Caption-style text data
——

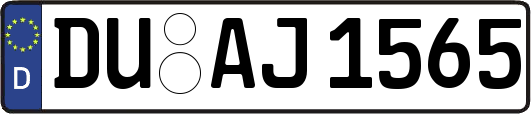 DU-AJ1565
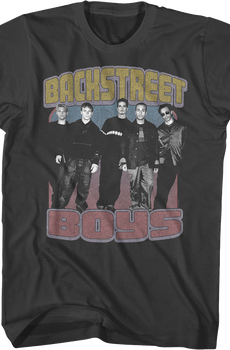 Retro Backstreet Boys T-Shirt
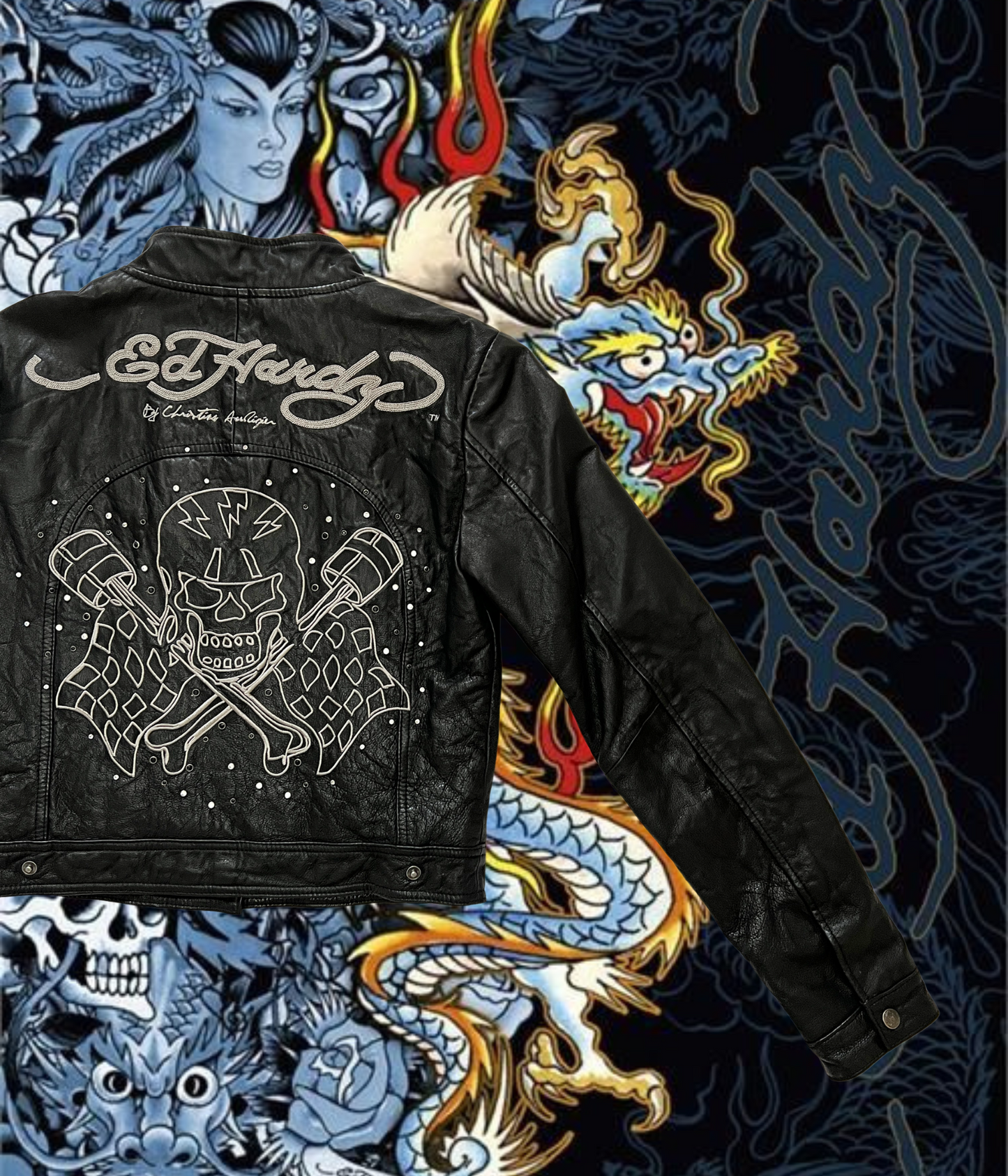 CHAQUETA ED HARDY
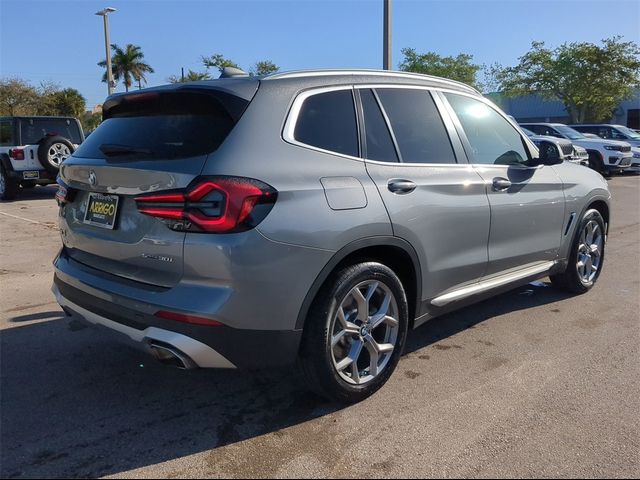 2023 BMW X3 sDrive30i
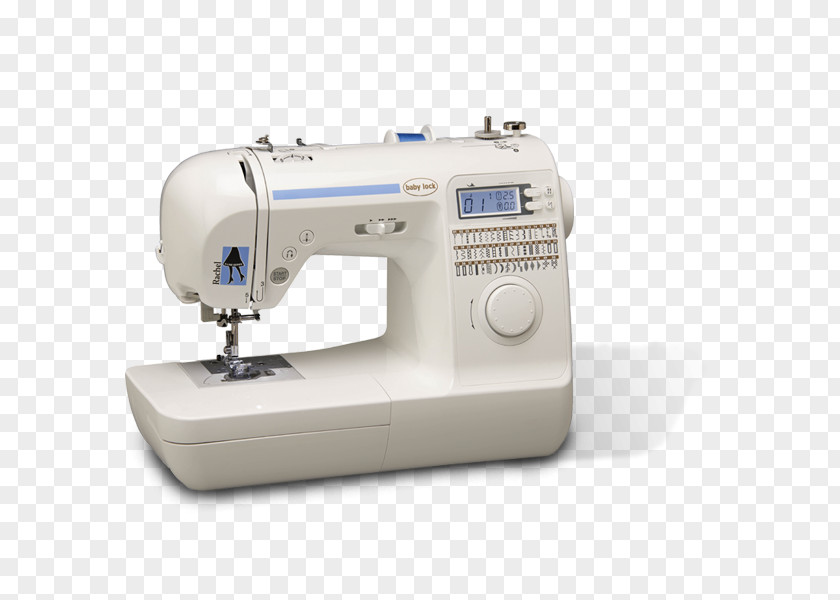 Double Needle Sewing Machine Machines Overlock Embroidery Baby Lock PNG
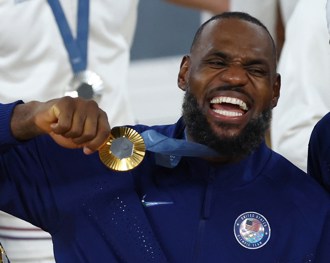 巴黎奧運》詹皇坦承奧運最後一舞 下屆寄託柯瑞和杜蘭特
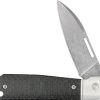 Case Cutlery Highbanks CPM-20CV Black Micarta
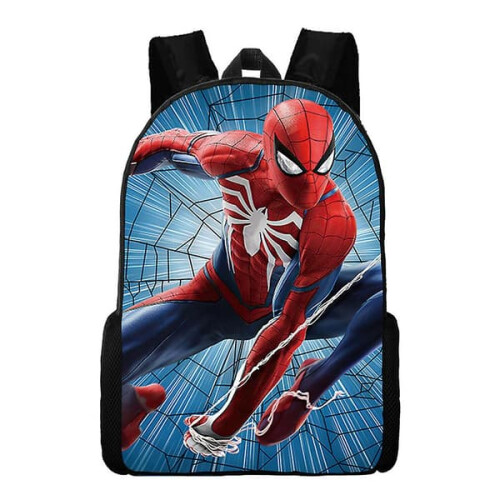 Spiderman Kinderrucksack, Schultasche, 1 Stück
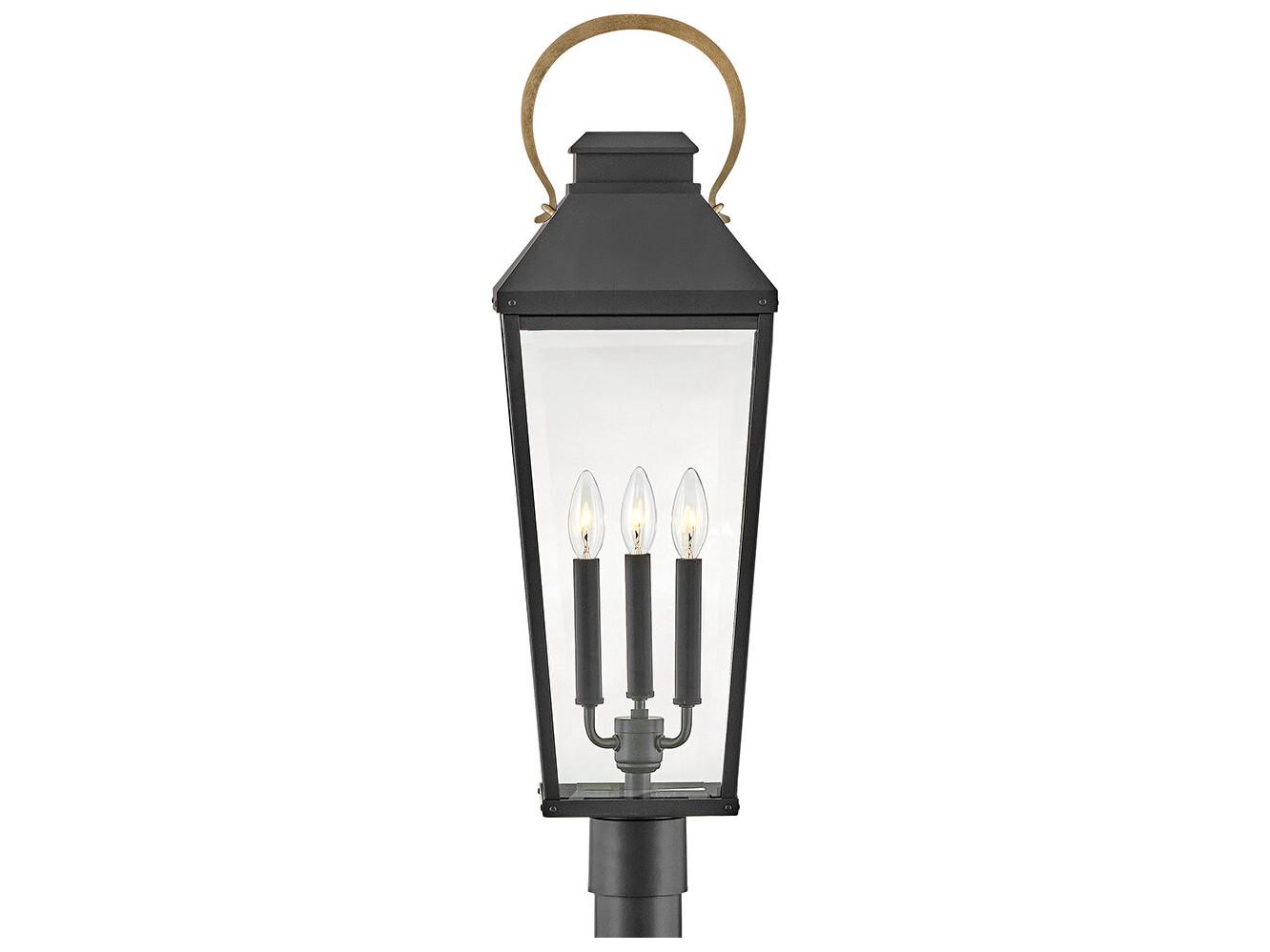 Hinkley Dawson 3 - Light Outdoor Post Light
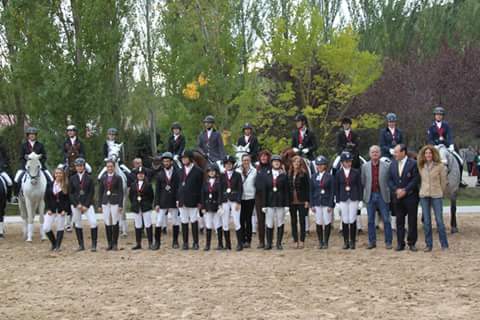 Final Campeonato Navarro Doma Paraecuestre 2016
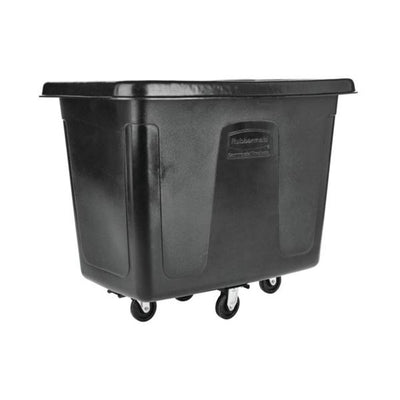 Rubbermaid Truck Cube 42-3/4x28x33" Black MDPE Eachch - FG461200BLA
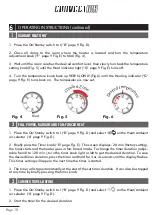 Preview for 10 page of CONVECTAIR IMPRESARIO 7630-C12 Installation & Operating Instructions Manual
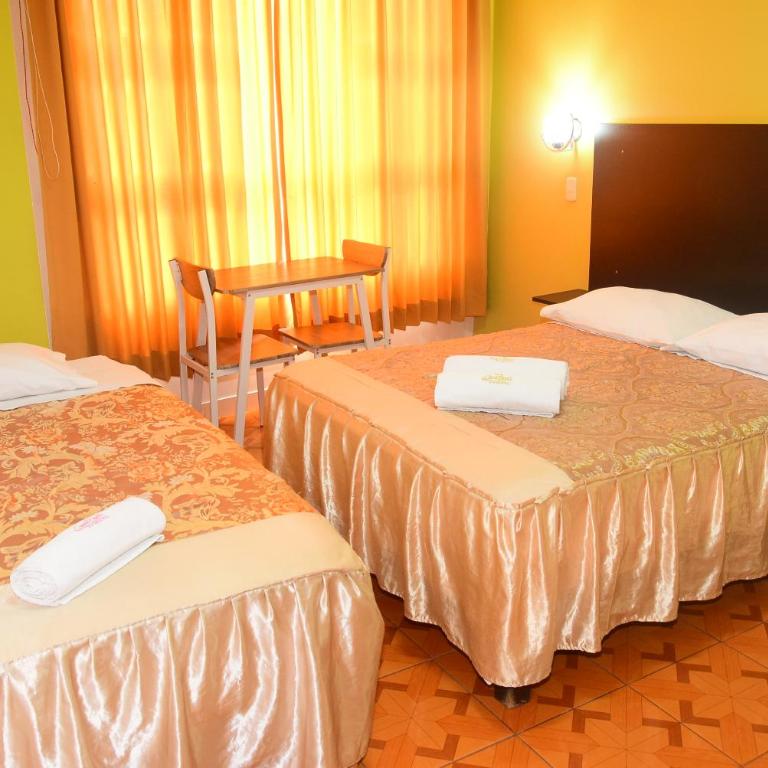 Hotel CASA REAL - Habitación Doble Familiar - 1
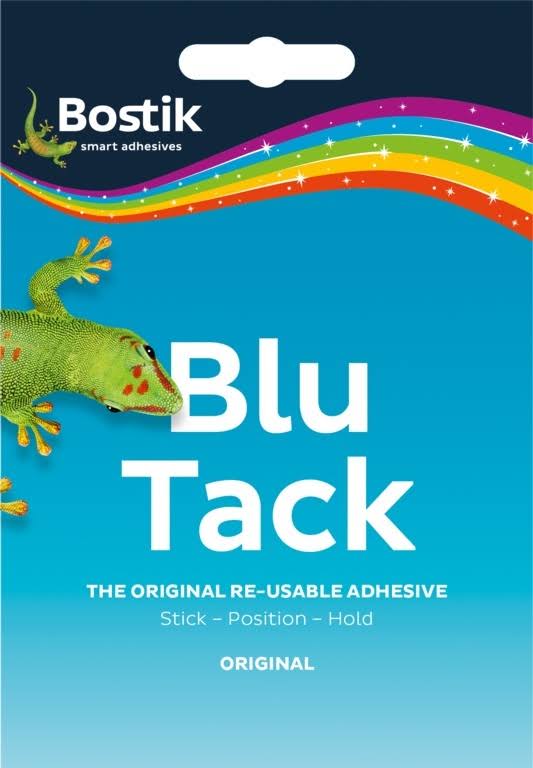 Bostik Blue Blu Tack Putty Adhesive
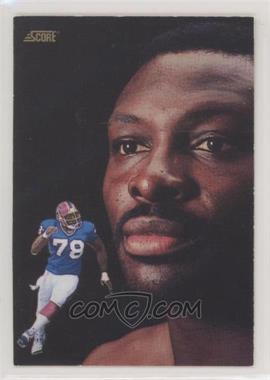 1991 Score - [Base] - Blank Back #345 - Dream Team - Bruce Smith [Noted]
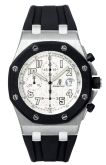 Audemars Piguet - 25940SK.OO.D002CA.02  Royal Oak OffShore 25940 Chronograph Rubberclad Stainless Steel / Silver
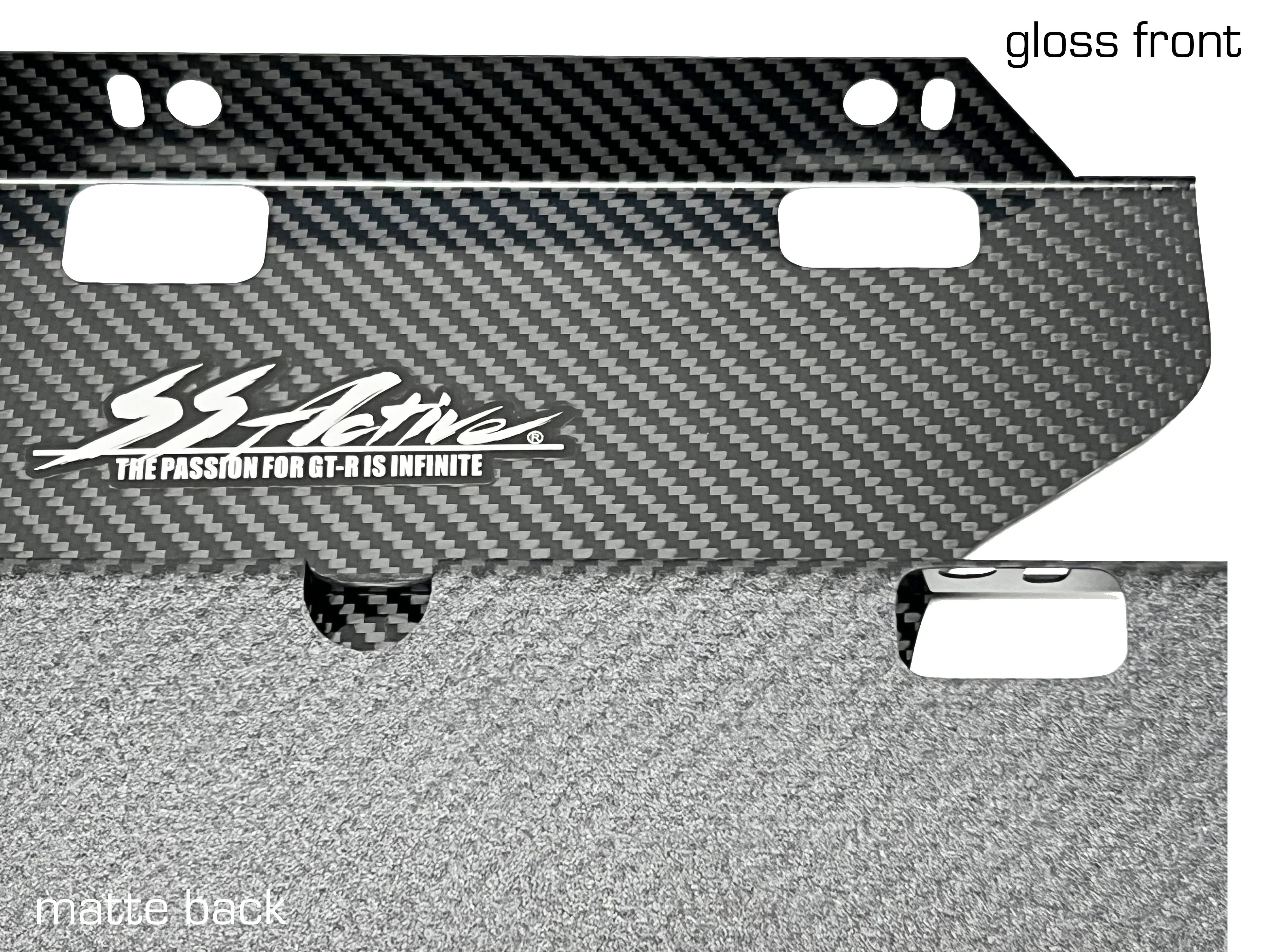 Garage Active Dry Carbon Cooling Pannel(s) (R32/R33/R34) - Image 7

——

# [Your instructions]
With the pictures excluded, the line containing "2023 BMW X3 sDrive30i" and every line after it through the end of the data above are to be transcribed exactly, and nothing more.

# [Answer section]
 2023 BMW X3 sDrive30i
 Double Needle Sewing Machine Machines Overlock Embroidery Baby Lock PNG
 巴黎奧運》詹皇坦承奧運最後一舞 下屆寄託柯瑞和杜蘭特
 Case Cutlery Highbanks CPM-20CV Black Micarta
 Spiderman Kinderrucksack, Schultasche, 1 Stück
 Hinkley Dawson 3 - Light Outdoor Post Light
 Final Campeonato Navarro Doma Paraecuestre 2016
 Rubbermaid Truck Cube 42-3/4x28x33" Black MDPE Eachch - FG461200BLA
 Preview for 10 page of CONVECTAIR IMPRESARIO 7630-C12 Installation & Operating Instructions Manual
 Hotel CASA REAL - Habitación Doble Familiar - 1
 Bostik Blue Blu Tack Putty Adhesive
 1991 Score - [Base] - Blank Back #345 - Dream Team - Bruce Smith [Noted]
 Audemars Piguet - 25940SK.OO.D002CA.02  Royal Oak OffShore 25940 Chronograph Rubberclad Stainless Steel / Silver
 Garage Active Dry Carbon Cooling Pannel(s) (R32/R33/R34) - Image 7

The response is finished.